At least 166 people have died in a wave of bitterly cold weather sweeping Afghanistan, an official said, as extreme conditions heaped misery on the poverty-stricken nation.
The disaster management ministry said on Saturday the death toll had risen by 88 over the past week and now stood at 166, based on data from 24 of the nation's 34 provinces.
Afghanistan has been frozen by temperatures as low as -33 degrees Celsius (-27 degrees Fahrenheit) since January 10, combined with widespread snowfall, icy gales, and regular electricity outages.
Aid agencies had warned before the cold snap that more than half of Afghanistan's 38 million people were facing hunger, while nearly four million children were suffering from malnutrition.

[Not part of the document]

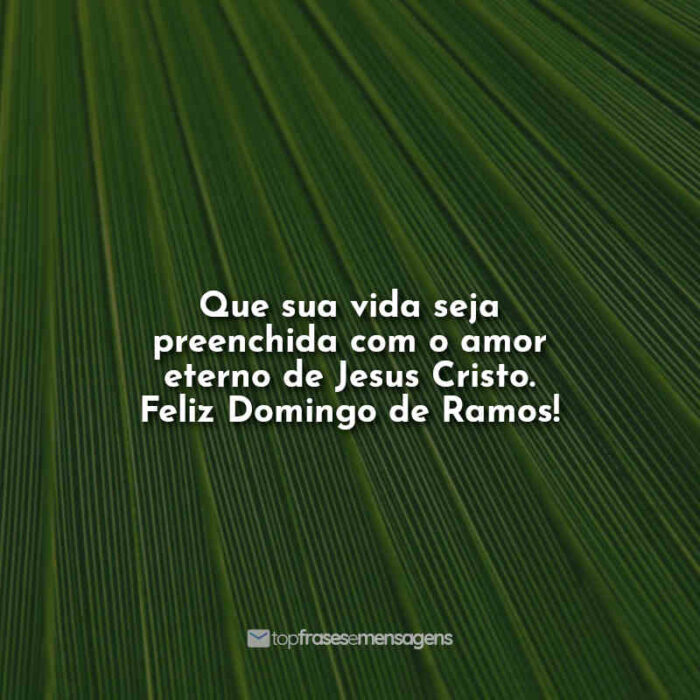 Que sua vida seja preenchida com o amor eterno de Jesus Cristo. Feliz Domingo de Ramos! Frases.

The deaths were caused by floods, fires, and leaks from gas heaters that Afghan families use to heat their homes, ministry official Abdul Rahman Zahid said in a video statement.
Some 100 homes were destroyed or damaged and nearly 80,000 livestock, a vital commodity for Afghanistan's poor, also died in the cold.
READ MORE: More than 160 die as Afghanistan grapples with coldest winter in 15 years
Declining foreign aid
The World Health Organization (WHO) said this week 17 people had died in a single village in northeastern Badakhshan province due to an outbreak of "acute respiratory infection".
"Harsh weather prevents help from reaching the area," the WHO said.
Afghanistan is enduring its second winter since US-backed forces withdrew and the Taliban surged back into Kabul to reclaim government.
Foreign aid has declined dramatically since then, and key central bank assets were seized by the United States, compounding a humanitarian crisis considered one of the world's worst.